Importance Sampling techniques for GGX with Smith Masking-Shadowing: Part 2

March 7, 2018

In Part 1 of this post I showed a common method for importance sampling the GGX distribution of normals using the inverse of the CDF of the distribution. While this clearly converged faster than importance sampling a cosine lobe it did still leave a number of fireflys in the image that would be pesky to deal with. Additionally, there is a hidden inefficency that is causing us to potentially waste a number of samples.

In 2014 Eric Heitz and Eugene D’Eon published Importance Sampling Microfacet-Based BSDFs using the Distribution of Visible Normals that describes a method for importance sampling that takes the view direction into account. That solved both of the problems I mention however their method for importance sampling GGX was complicated and not exact. In 2017, Eric Heitz released a technical paper A Simpler and Exact Sampling Routine for the GGX Distribution of Visible Normals that is… exactly what the title says it is. Today, I want to write about these improvements.

Let’s start by explaining the two flaws with importance sampling only the distribution of normals; fireflys and wasted samples. For those who do not know, a firefly is a term used in rendering to describe a single pixel that is significantly brighter than those in its neighborhood. Let’s zoom in (using nearest-neighbor sampling) on the top of the bunny’s head to see these more clearly.

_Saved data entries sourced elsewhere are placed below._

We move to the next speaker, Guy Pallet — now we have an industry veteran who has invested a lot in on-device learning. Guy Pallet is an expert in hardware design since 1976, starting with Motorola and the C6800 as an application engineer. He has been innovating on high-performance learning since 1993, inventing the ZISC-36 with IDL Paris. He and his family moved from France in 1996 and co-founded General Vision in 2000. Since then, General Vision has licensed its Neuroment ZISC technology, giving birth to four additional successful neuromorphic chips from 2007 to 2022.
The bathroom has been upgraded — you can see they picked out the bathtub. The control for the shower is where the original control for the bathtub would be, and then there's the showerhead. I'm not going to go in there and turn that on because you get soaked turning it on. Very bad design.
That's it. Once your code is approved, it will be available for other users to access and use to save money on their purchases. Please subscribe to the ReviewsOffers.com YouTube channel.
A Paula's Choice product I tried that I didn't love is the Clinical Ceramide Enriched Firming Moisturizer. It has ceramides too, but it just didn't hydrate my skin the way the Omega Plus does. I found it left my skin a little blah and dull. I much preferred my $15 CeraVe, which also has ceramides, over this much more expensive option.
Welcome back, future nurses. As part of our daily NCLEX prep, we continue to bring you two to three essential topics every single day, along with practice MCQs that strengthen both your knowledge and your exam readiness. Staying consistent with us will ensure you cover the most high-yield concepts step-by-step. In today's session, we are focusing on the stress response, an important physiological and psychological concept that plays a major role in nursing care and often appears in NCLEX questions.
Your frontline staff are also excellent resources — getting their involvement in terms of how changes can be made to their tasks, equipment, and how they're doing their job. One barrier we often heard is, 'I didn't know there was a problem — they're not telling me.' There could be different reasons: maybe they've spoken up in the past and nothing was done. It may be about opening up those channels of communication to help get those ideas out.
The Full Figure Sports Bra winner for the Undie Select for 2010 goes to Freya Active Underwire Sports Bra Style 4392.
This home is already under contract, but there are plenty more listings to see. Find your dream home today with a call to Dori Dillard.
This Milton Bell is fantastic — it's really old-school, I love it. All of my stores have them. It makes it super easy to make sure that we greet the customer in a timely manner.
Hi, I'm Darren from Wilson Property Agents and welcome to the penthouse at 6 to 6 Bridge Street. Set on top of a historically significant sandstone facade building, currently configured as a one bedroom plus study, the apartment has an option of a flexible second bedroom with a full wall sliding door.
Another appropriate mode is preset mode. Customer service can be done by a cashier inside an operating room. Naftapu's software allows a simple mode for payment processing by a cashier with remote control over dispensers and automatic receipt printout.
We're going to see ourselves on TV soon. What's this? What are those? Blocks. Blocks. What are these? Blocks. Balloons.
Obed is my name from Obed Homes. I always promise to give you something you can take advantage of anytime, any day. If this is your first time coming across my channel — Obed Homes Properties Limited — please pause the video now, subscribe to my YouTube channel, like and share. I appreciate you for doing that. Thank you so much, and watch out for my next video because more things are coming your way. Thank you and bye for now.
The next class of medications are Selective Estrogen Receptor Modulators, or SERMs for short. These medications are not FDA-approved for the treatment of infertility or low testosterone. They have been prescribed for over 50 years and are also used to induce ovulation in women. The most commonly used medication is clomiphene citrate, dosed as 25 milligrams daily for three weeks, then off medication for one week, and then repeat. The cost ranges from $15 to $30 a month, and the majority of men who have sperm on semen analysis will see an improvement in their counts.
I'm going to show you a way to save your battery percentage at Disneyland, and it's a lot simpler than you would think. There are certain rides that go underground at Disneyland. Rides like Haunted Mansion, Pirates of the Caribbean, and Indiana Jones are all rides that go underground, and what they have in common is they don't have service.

Earlier I used an image zoomed in on the face but it looked too angry

To understand where the fireflys are coming from we need to take a close look at the pdf used to generate $\wi$ and then think about how that could cause exceptionally bright pixels.

$$\p_i(\wm, \wo) = \frac{\D(\wm)(\wg \cdot \wi)}{4|\wg \cdot \wm|}$$

Now remember that importance sampling works by focusing rays in the directions where they will have a high probabilty of contributing to your image. However, to prevent bias in our results we do have to be sure we can sample the entire range of our function. And, in fact, importance sampling relies on giving those improbable samples a higher weight so that we still arrive at the correct results when that direction does contribute to the image.

Imagine an extremly bright light source shining on a surface from a very low angle when we are looking directly at the surface. If the surface has a low to medium roughness it will be improbable to generate a sample in the direction of that light source but not impossible. In the case where it does we’d expect a low value for $\D(\wm)$, a value close to 1 for $(\wg \cdot \wi)$, and a low value again for $4|\wo \cdot \wm|$. Now our concern here is that if $\p_i(\wm, \wo)$ ends up as a very small number and we then divide that from a large $\L_i(X, \wi)$ we will get a very bright result that will require a significant number of samples in other directions to smooth out. So, given that our weight will be based on the ratio of $\D(\wm)$ to $4|\wo \cdot \wm|$, and given that we can clearly see fireflies in the image from part 1, you can probably guess that there are cases where $\D(\wm)$ is still much smaller than $4|\wo \cdot \wm|$ and we end up dividing by a very small number.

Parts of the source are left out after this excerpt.